Nah, DC. They are selling chips just fine. Soda too. They are getting sales from those who’ll pay $6 AND from those who clip coupons. It works for them both ways. And it’s cyclical. What’s not bought at $6 will clear out at $4 and it does clear out. It used to be 2 for $5 and then 2 for $6 and now it’s $3.99 but must buy 4. See what I mean?
Even if that’s happening, it’s still a macroeconomic problem if prices are going up even after you add all the different categories together. If there were just collusion on certain items but not too much money slushing around, consumers who are forced to pay those higher prices would need to cut back elsewhere, and you would see prices falling in those other areas.
Companies are able to raise prices for two reasons. One, people have the money to spend and 2) there isnt much competition on the supply side. I can only choose to use less electricity, I cant shop for a new provider.
I think services inflation is more entrenched because the switching costs are high or it is impossible to switch. (Not much competition or price transparency in telecomm, utilties, healthcare, etc). But some of the price increases are coming in areas with alot of options (like hotel rooms), so it really must be due to excessive demand.
There’s a lot of this going on in my industry. I’m a small player ordering almost the same raw materials as my global competitors, the only difference is that I’m buying 55-gallon drums, and they are buying entire rail cars at better discounts.
These competitors have had twice the percentage of price increases I’ve had since 2021, and they aren’t stopping. My last increase was Sept 2022; other than greed, I don’t see why I need an increase for 2023. We have seen some nice price cuts from a few key vendors in the last few months.
Your final chart
“overall price levels have soared by 14.4% over the past two years:”
If one assumes the Fed was in control of their 2% inflation program from the years 2017 to 2021, (as depicted on the chart) to extend that trajectory to the present, the CPI reading SHOULD BE in the low 270’s. (now over 300).
Thus, ANY inflation is unwarranted. 2% inflation does not reestablish the managed trend the Fed enjoyed from 2017 to 2021.
Prices must retreat, not just rise at a lesser rate.
But we never hear that from the Fed. We just get the 2% mantra.
If the Fed wants an average inflation rate of 2% per year, we should not look at a one year window but a time span from 2020 to present. IMO
OR, Let’s take a 5 year window starting in 2020 and go forward.
What would prices have to do to get to an average CPI increase of 2% over those 5 years (2020 to 2025)? Drop about 4%.
Shouldnt that be the goal of the Fed?
Inflation is only a problem in an economy that doesn’t grow in real output, or grows below the ‘Inflation target’. That has been the case since at least 2000, and it’s a good thing for our finite planet that the landfills are not growing exponentially.

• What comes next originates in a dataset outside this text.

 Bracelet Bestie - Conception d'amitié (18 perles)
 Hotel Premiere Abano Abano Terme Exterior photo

Unfortunately, that is also incompatible with the religion of infinite growth and fractional reserve lending. Something will give, and until the infinite growth is abolished, the only option is Inflation.. out the wazoo 🥳
And the market rocketed up after this report. They know something we don’t know ?

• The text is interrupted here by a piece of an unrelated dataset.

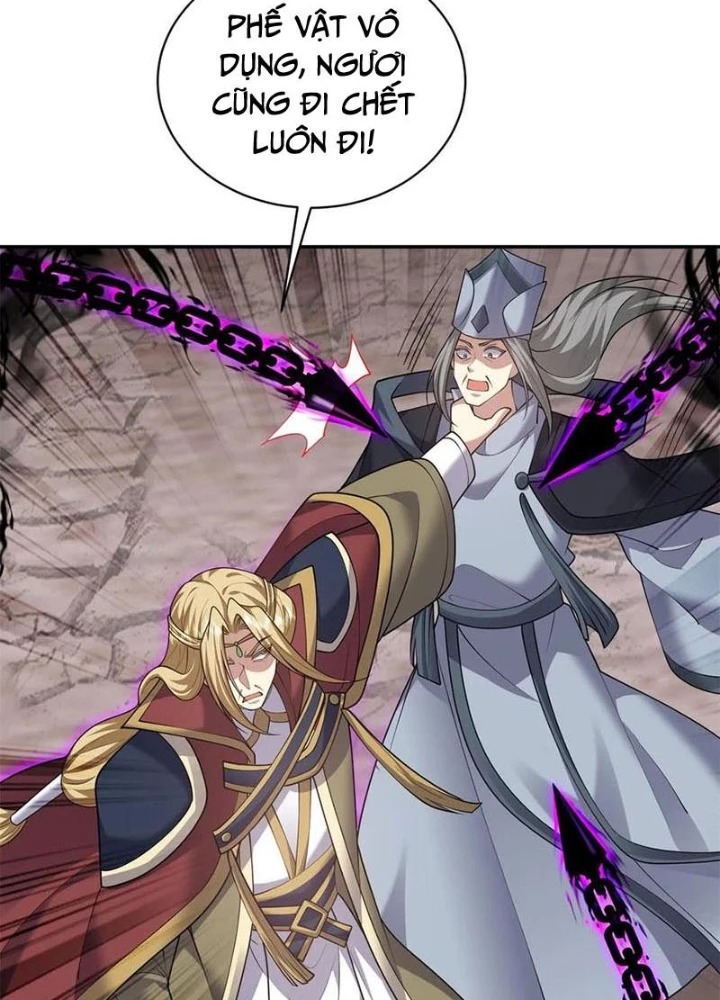 Ta Sống Cùng Nữ Tiếp Viên Hàng Không Tại Hoang Đảo Chapter 89 - Trang 2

Huge relief rally after the banking system didn’t collapse yesterday, LOL. What did you expect?
Futures were up well before CPI was released. Beaten-down bank stocks soared.

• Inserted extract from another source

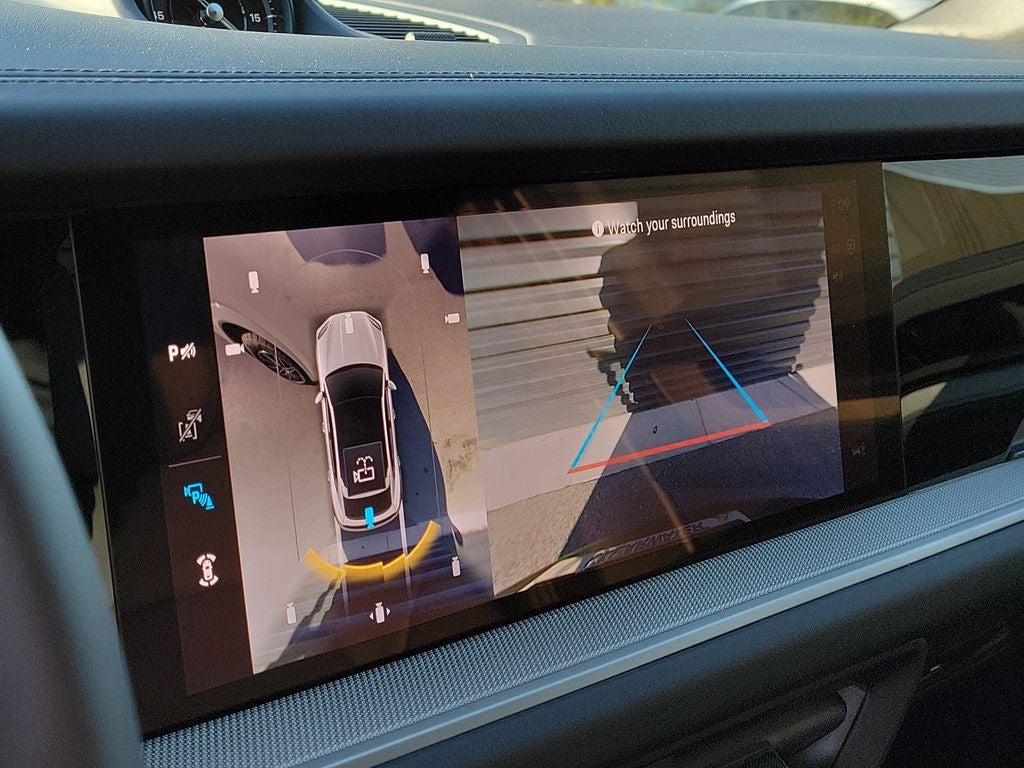 2026 Porsche Cayenne Coupe Base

And thank god we had a rally: the last thing the Fed needs for its hiking cycle is a stock market panic triggered by a banking panic. Now both are settling down, and the Fed can do its job.
Credit Suisse under more pressure since largest shareholder confirms no more capital injection.
Workers are wages not keeping up. Hours worked are dropping.
Toss in a few failed banks & recession talk, the pivot crowd is happy.
Wolf – what is your expectation on next rate hike?
Regarding your question, I just read this on the previous comment thread:
https://wolfstreet.com/2023/03/13/free-money-toxic-money-first-republic-bank-and-western-alliance-bank-make-it-into-my-pantheon-of-imploded-stocks/#comment-504000
My job is not to have my own ideas about future rates but to understand and convey what the Fed is telling us in various ways what they might do.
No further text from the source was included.